“Then Mary gave birth to her firstborn Son, and wrapped him in swaddling cloths and laid him in a manger—because there was no room for them in the inn.” --Luke 2:7
I think the innkeeper and his wife have gotten a bad rap. Traditionally they have been portrayed as inhospitable. Why, we wonder, didn’t they give Mary and Joseph their room? Or boot someone out who was less worthy and give them that room? After all, Mary was about to deliver. How hard-hearted can you be—making them go to the stable.
Actually, the innkeepers were very welcoming to this couple in need. They might have turned them away totally. But instead they gave them what they could—a humble but cozy stable, private, safe.
These humble but devout Jewish innkeepers were practicing the true faith—welcoming strangers. God commanded this basic courtesy of hospitality: “The stranger who sojourns with you shall be to you as the native among you, and you shall love him as yourself; for you were strangers in the land of Egypt: I am the LORD your God.” --Leviticus 19: 34
God’s heart is open to all who will come. From the beginning he wanted not just the Jewish nation but also the nations of the world to come to him. And [God wanted] that the Gentiles might glorify God for his mercy. As it is written: “Therefore I will praise you among the Gentiles; I will sing the praises of your name.” Again, it says, “Rejoice, you Gentiles, with his people.” --Romans 15: 9 - 10
God’s heart is open wide. He welcomes in all who are willing to come to him regardless of their tribe or clan. This was Jesus’ point when he told the Good Samaritan parable where the despised Samaritan cared for the Jewish wounded man. Being a “neighbor” means welcoming an outsider.

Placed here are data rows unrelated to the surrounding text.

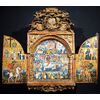 Trittico a tabernacolo con scene della Bibbia e dei Vangeli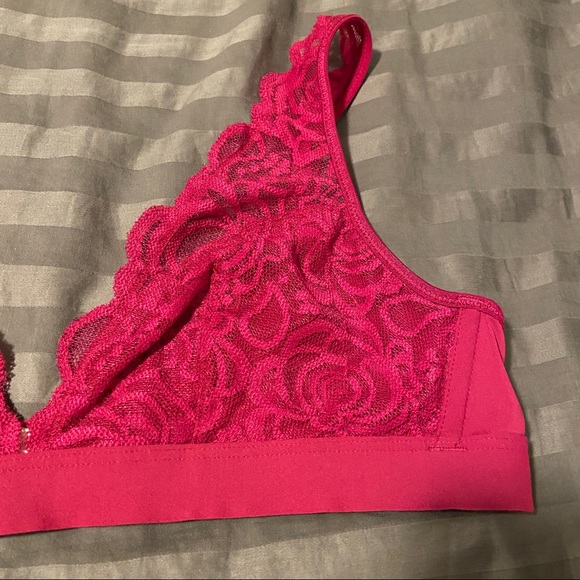 PINK Victoria Secret lace bralets. Size Medium. - Picture 3 of 9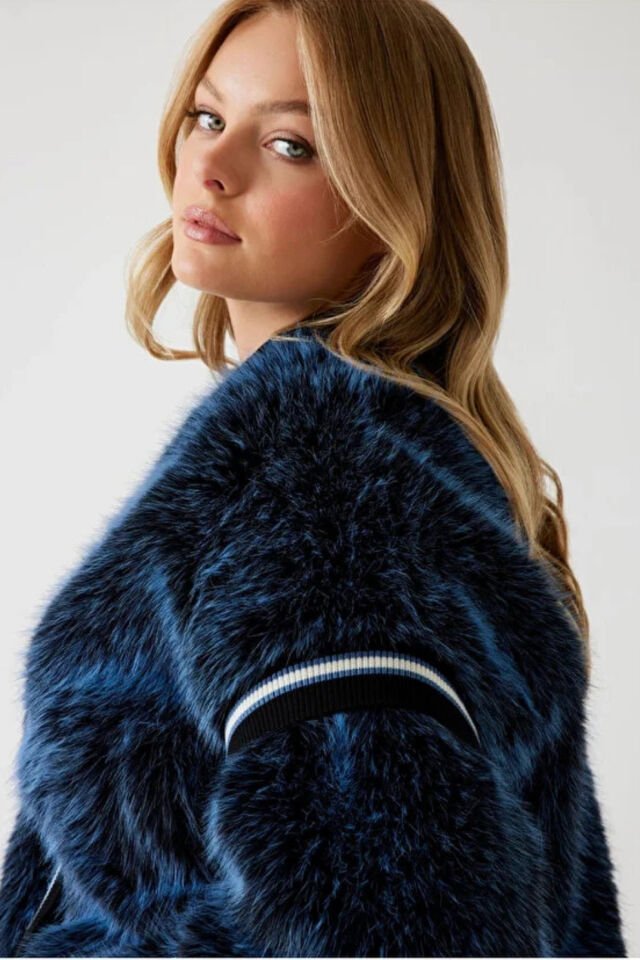 Guess Katia Kadın Çok Renkli Kürk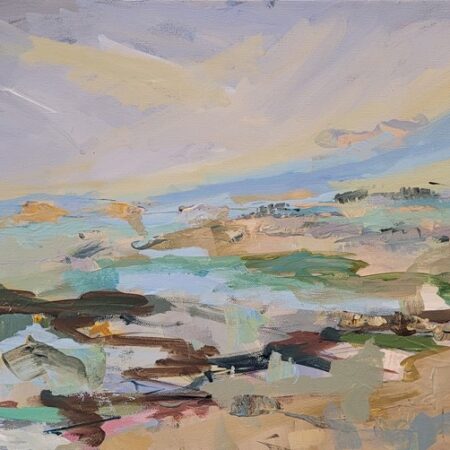 Joanne Lomas - The Field is Singing - Acrylic - 15 x 30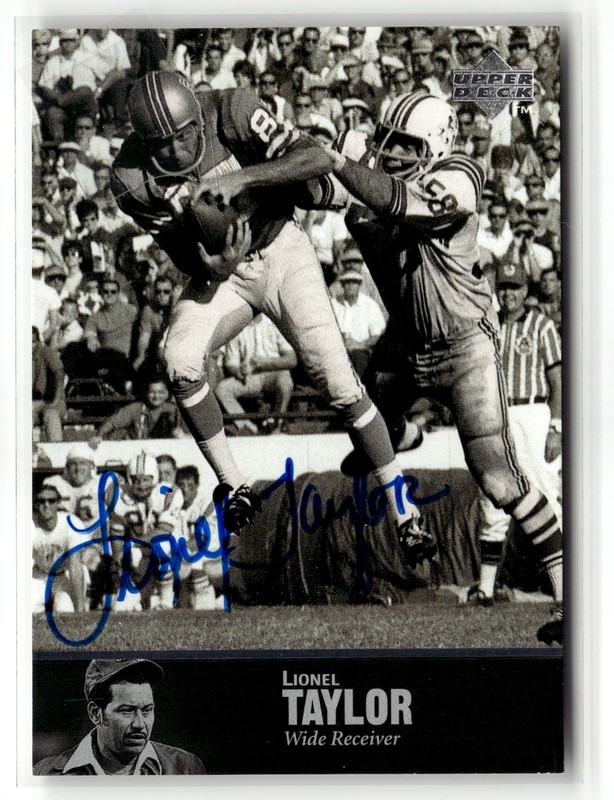 Lionel Taylor 1997 Upper Deck Legends #AL–172 Autographs (READ)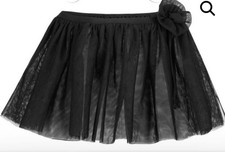 Capezio Kids Black Enchanted Tutu With Tulle Flower On Waist Band Size Medium
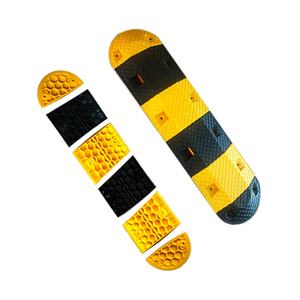 Yüksek görünürlük yuvarlak hız yumru Humps kauçuk taban <span class=keywords><strong>Driveway</strong></span> yavaşlatmak trafik işareti düşük maliyetli hız düşürücü kesici - Product Image 2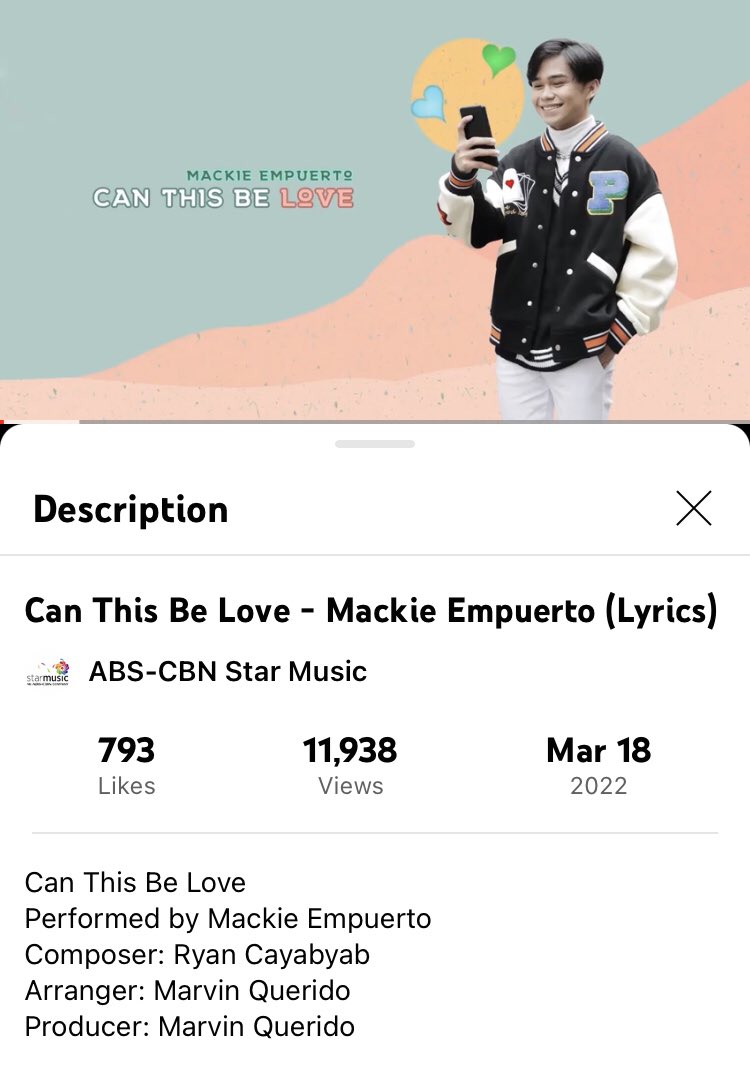 _mackiesquad's tweet photo. 📢 - Update

We now surpassed 10k views on YouTube and we’re about to reach 15k streams on Spotify. 

Keep on streaming!☺️
#MackieEmpuertoCanThisBeLove https://t.co/CgRDchFPDK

Christmas is a time for welcoming. People who don’t worship at any other time of the year will worship during Advent and Christmas—perhaps at Village. Be on the lookout. Welcome guests by being as friendly as you can. Leave your friend group and seek out newcomers.
And in your personal celebrations of Christmas, welcome someone who is alone, grieving, hurting or discouraged. Or at a party, look for the person standing awkwardly by himself.
In Matthew 25 Jesus says, “For I was a stranger and you welcomed me …” Jesus will come to us in the form of a stranger this Christmas. Will we recognize him? Will we welcome him?
Prayer: Lord, show us that your love is so wide and wonderful that everyone is welcome. Forgive us for restricting your love just to our church family. May we open our arms to the strangers whom you send to us. And may we lavish on them your love. In Jesus’ name. Amen.